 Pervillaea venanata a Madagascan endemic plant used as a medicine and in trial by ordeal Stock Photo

...

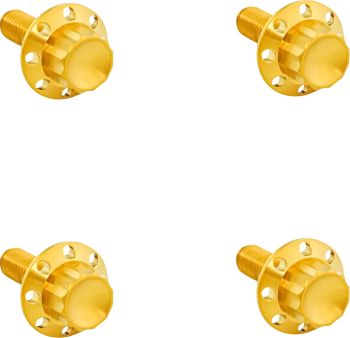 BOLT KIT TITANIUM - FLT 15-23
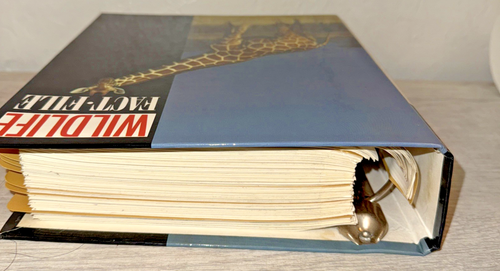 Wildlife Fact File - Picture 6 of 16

YOUR TASK
Write down exactly what the lines above say, from the line holding "BOLT KIT TITANIUM - FLT 15-23" through the line holding "Wildlife Fact File - Picture 6 of 16", and nothing more. Do not copy the pictures.

EXPECTED ANSWER
 BOLT KIT TITANIUM - FLT 15-23
 Wildlife Fact File - Picture 6 of 16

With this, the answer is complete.